Seria, para dizer o mínimo, um movimento desastroso e constrangedor se o Supremo confirmasse essas expectativas, botando para votar de novo a prisão em segunda instância, eventualmente reciclando a regra que vigora no momento para livrar Lula da prisão. Como um verdadeiro cordão de isolamento a favor da lei atual, diversas organizações de magistrados se manifestaram pedindo coerência e respeito ao que foi estabelecido e transita em julgado. Lançaram assim uma espécie de ofensiva contra o que consideram riscos de enfraquecimento do Poder Judiciário. A legião de advogados do PT, numa manobra derradeira, ainda buscou arrancar um habeas corpus no STJ com argumentos risíveis, misturando política nas alegações para uma soltura preventiva de Lula, que não foi concedida. Diz o requerimento que ele “é líder absoluto nas pesquisas” e, logo, não deveria ter “a privação de sua liberdade” dado o risco à democracia. Não condenar alguém em virtude de representatividade é de uma tolice sem tamanho. [quanto maior a representatividade mais pesada deve ser a pena, destacando assim o caráter exemplar da medida punitiva.] Votos não garantem licença para delinquir. 
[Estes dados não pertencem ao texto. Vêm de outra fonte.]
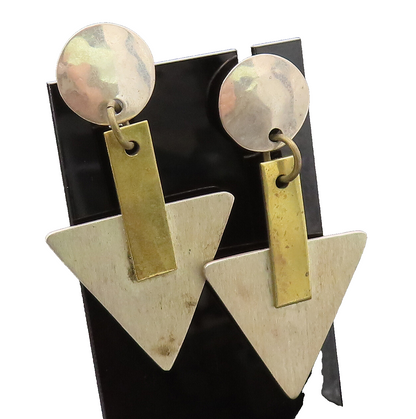 MEXICO 925 Silver  Vintage Two Tone Triangle Arrow Dangle Earrings  EG12397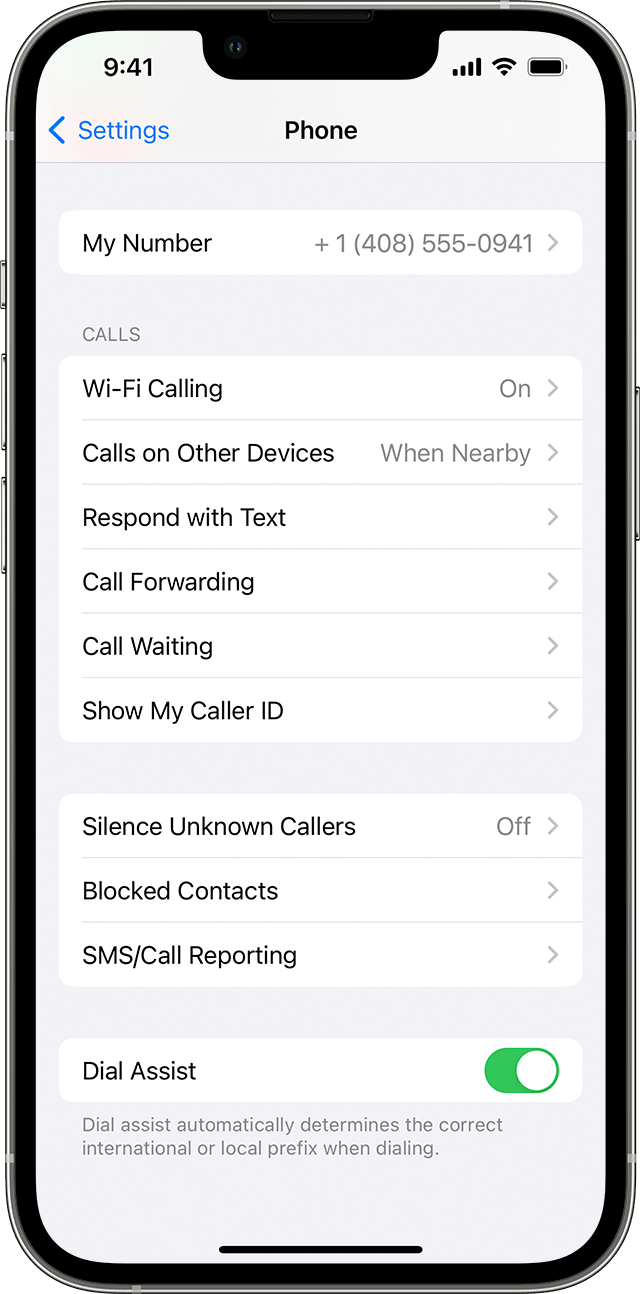 iPhone, показващ екрана Phone (Телефон) с включено Wi-Fi Calling (Wi-Fi обаждания).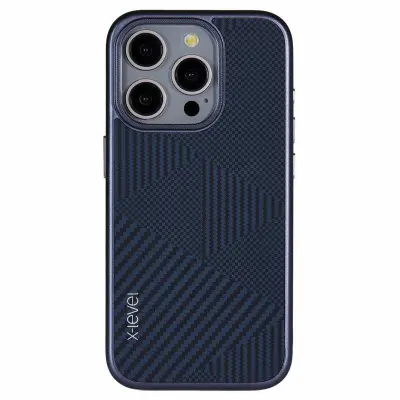 X-LEVEL iPhone 16 Pro Max Mobilskal Hård PC Kolfiber Textur Blå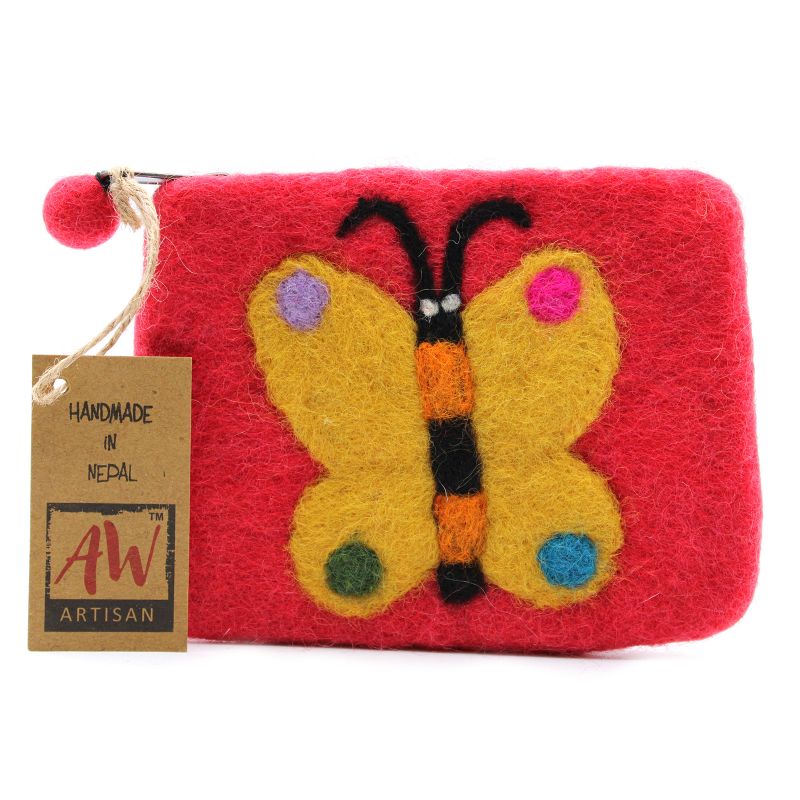 Natural Felt Zipper Pouches - Big Butterfly
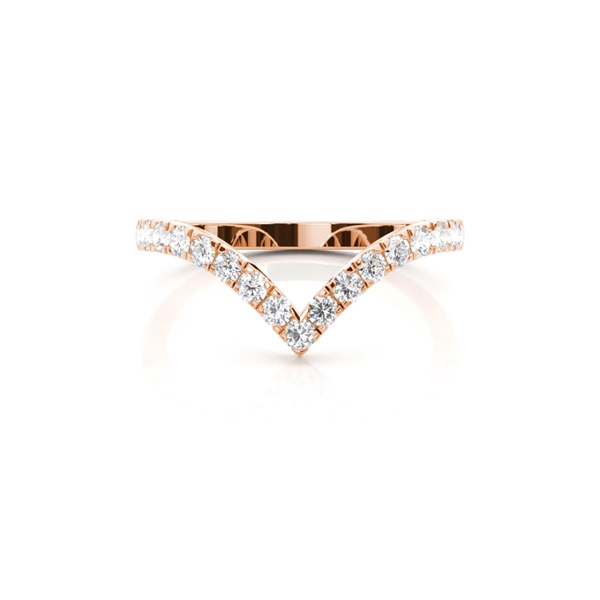 Prong Set Diamond Shaped Wedding Band
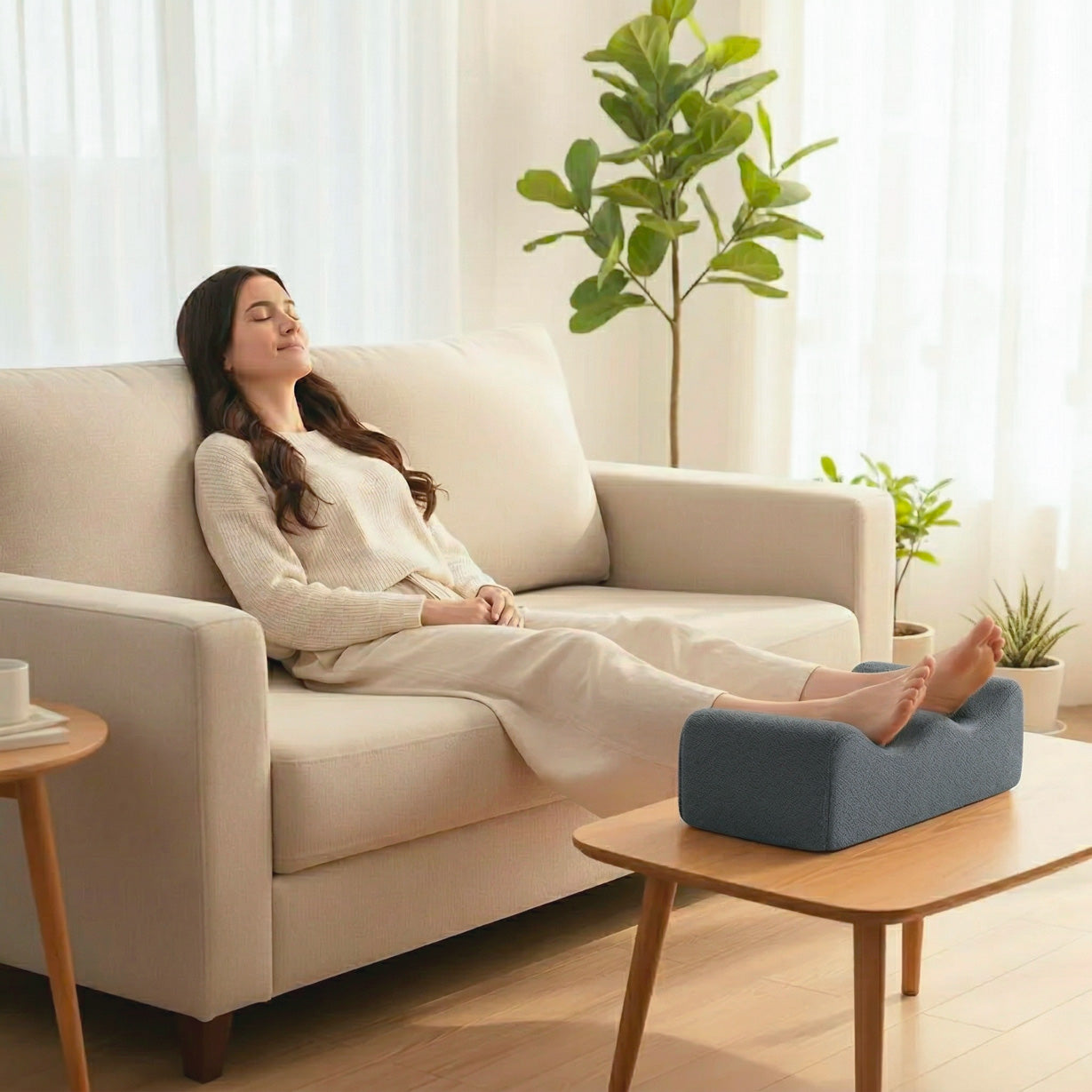 Coussin repose-jambes doux et maintenu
O intento evidente da defesa é o de transformar tribunais em palanques, vendendo a tese de uma conspiração generalizada que envolveria Judiciário, Polícia Federal, mídia e adversários. O PT, decerto, perdeu o eixo. A paródia de uma perseguição política dessa magnitude é indefensável no plano da realidade. Tal patacoada dos advogados só não é maior que a pretensa ambição deles em estender o debate a fóruns internacionais, denunciando ao mundo aleivosias. De uma maneira ou de outra, a suprema decisão de Cármen Lúcia veio na hora certa. Resgatou o bom-senso. Desbaratou as articulações dos que anseiam por uma Justiça lenta e menos efetiva. E, acima de tudo, evitou uma mácula ultrajante na imagem da instituição.